Consider the formula (at https://en.wikipedia.org/wiki/Bernoulli_number#Bernoulli_numbers_and_the_Riemann_zeta_function)
$$B_{2n} = {(-1)^{n+1} 2 (2n)! \over (2\pi)^{2n}} \zeta(2n)$$
where $\zeta$ is the Riemann zeta function (https://en.wikipedia.org/wiki/Riemann_zeta_function).
This gives
$${B_{2n} \over B_{2n+2}} = {(-1) (2\pi)^2 \over (2n+1)(2n+2)} {\zeta(2n) \over \zeta(2n+2)} $$
or, multiplying by $(2n+1)(2n+2)/4$,
$$ {B_{2n} (2n+1) (2n+2) \over 4 B_{2n+2}} = -\pi^2 {\zeta(2n) \over \zeta(2n+2)} $$
The left-hand side is the quotient you asked about.

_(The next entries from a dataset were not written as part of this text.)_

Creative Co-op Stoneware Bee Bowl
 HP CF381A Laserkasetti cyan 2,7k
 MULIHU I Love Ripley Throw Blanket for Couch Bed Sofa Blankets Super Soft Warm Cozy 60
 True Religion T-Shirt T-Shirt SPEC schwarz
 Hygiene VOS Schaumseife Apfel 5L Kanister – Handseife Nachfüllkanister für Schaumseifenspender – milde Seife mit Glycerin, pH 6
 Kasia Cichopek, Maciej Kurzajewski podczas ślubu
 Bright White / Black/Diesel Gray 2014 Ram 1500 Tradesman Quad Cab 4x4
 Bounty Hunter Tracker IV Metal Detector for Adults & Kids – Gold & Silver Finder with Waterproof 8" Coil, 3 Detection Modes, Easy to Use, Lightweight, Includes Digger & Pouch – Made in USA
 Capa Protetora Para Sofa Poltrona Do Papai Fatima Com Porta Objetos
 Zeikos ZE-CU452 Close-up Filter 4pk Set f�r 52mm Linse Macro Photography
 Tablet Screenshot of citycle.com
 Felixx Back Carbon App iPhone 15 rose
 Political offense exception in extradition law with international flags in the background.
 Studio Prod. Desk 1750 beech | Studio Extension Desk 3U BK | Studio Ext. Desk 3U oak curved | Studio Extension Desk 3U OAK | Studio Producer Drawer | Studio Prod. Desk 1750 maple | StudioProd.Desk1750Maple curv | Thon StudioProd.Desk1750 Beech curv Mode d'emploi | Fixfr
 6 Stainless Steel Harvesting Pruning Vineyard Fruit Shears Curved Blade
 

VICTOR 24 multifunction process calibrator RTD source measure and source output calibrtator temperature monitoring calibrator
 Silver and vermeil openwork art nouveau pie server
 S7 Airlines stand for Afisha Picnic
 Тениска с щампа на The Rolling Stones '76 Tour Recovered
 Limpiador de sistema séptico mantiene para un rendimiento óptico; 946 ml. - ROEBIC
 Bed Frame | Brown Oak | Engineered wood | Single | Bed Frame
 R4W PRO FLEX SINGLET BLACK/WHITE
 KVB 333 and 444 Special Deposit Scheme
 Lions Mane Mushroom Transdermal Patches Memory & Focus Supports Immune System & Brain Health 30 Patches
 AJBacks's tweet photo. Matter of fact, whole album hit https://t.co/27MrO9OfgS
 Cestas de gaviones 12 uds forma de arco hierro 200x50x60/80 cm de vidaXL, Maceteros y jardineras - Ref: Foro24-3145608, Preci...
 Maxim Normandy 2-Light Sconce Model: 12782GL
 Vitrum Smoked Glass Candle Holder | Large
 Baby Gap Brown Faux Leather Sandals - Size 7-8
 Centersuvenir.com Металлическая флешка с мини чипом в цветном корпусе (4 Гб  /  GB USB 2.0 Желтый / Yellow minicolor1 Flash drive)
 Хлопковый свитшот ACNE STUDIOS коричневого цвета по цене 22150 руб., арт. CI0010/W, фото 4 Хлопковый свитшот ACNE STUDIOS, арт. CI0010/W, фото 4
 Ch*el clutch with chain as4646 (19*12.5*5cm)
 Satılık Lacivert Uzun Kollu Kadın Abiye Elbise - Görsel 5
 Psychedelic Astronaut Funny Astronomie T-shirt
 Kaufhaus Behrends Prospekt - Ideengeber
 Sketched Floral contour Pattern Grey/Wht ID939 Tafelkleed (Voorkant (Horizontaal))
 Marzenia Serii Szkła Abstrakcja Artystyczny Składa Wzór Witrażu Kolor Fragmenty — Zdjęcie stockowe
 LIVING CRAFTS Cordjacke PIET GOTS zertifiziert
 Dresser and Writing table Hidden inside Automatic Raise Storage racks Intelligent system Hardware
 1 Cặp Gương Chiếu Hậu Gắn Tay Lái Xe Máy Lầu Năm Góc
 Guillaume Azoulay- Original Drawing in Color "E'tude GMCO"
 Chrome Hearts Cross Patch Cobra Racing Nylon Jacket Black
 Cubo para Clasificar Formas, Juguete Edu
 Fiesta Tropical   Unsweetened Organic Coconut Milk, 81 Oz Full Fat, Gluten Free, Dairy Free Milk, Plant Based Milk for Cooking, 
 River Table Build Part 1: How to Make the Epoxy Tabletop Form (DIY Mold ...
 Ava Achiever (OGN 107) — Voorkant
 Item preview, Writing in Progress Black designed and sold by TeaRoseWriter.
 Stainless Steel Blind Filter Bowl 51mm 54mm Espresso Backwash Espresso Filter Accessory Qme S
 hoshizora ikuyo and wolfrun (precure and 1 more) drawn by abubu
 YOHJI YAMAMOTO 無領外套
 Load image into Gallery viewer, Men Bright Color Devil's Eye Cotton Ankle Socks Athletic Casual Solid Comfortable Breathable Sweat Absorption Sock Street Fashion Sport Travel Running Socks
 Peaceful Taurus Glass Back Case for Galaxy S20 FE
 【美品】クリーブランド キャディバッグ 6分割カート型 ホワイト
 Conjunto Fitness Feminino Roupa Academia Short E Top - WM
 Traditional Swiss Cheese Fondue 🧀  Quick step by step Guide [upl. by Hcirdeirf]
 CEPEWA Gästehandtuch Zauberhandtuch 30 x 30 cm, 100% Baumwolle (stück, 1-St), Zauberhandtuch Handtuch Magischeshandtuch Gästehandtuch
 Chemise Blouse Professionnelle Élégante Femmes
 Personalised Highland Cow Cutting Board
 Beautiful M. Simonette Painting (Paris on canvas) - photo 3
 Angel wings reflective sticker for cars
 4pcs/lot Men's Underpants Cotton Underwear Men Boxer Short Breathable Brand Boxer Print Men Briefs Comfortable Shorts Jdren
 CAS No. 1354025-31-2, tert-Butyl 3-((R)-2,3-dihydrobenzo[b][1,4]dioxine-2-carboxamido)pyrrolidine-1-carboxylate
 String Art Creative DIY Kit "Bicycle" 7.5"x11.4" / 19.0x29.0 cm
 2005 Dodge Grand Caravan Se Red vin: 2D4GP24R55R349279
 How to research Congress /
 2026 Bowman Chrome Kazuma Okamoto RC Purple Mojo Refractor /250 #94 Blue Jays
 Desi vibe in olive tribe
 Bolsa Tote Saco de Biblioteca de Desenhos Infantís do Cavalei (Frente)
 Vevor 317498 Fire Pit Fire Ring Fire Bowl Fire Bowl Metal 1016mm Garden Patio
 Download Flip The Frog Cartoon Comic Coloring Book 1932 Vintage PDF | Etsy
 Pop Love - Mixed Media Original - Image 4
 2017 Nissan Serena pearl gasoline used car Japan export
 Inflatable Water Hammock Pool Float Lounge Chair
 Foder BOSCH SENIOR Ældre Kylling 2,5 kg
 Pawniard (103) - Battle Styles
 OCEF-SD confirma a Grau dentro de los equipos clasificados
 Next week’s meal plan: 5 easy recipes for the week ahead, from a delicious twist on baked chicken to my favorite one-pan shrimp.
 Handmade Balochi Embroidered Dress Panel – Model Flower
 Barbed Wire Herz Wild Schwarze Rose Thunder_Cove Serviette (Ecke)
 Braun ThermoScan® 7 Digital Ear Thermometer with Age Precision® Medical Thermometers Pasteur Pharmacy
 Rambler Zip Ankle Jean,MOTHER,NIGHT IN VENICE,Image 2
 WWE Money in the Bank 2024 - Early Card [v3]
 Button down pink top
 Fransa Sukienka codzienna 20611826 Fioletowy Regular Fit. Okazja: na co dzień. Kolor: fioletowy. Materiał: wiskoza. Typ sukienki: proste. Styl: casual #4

The right-hand side is essentially 1 for large $n$ - more specifically, as $n \to \infty$, we have $\zeta(2n) = 1 + O(1/4^n)$.
So we have
$$ {B_{2n} \over B_{2n+2}} (n+1/2) (n+1) = -\pi^2 (1 + O(1/4^n)). $$
For any other choice of constants $a_1$ and $a_2$, we have
$$ {B_{2n} \over B_{2n+2}} (n+a_1) (n+a_2) = -\pi^2 {(n+a_1)(n+a_2) \over (n+1/2)(n+1)} (1 + O(1/4^n)). $$
The quotient
$$ {(n+a_1)(n+a_2) \over (n+1/2)(n+1)} = {n^2 + (a_1 + a_2)n + a_1 a_2 \over n^2 + (3/2) n + (1/2) }$$
is $1+O(n^{-2})$ if $a_1 + a_2 = 3/2$ but $\{ a_1, a_2 \} \not = \{ 1/2, 1 \}$, and $1 + O(n^{-1})$ otherwise. And so we get
$${B_{2n} \over B_{2n+2}} (n+a_1) (n+a_2) = -\pi^2 (1 + O(1/4^n)) (1 + O(n^{-k})) = -\pi^2 (1 + O(n^{-k})$$
with $k = 1$ or $k = 2$ depending on the choice of $a_1$ and $a_2$. In particular only $(a_1, a_2) = (1/2, 1)$ or $(a_1, a_2) = (1, 1/2)$ gives the $O(1/4^n)$ error term.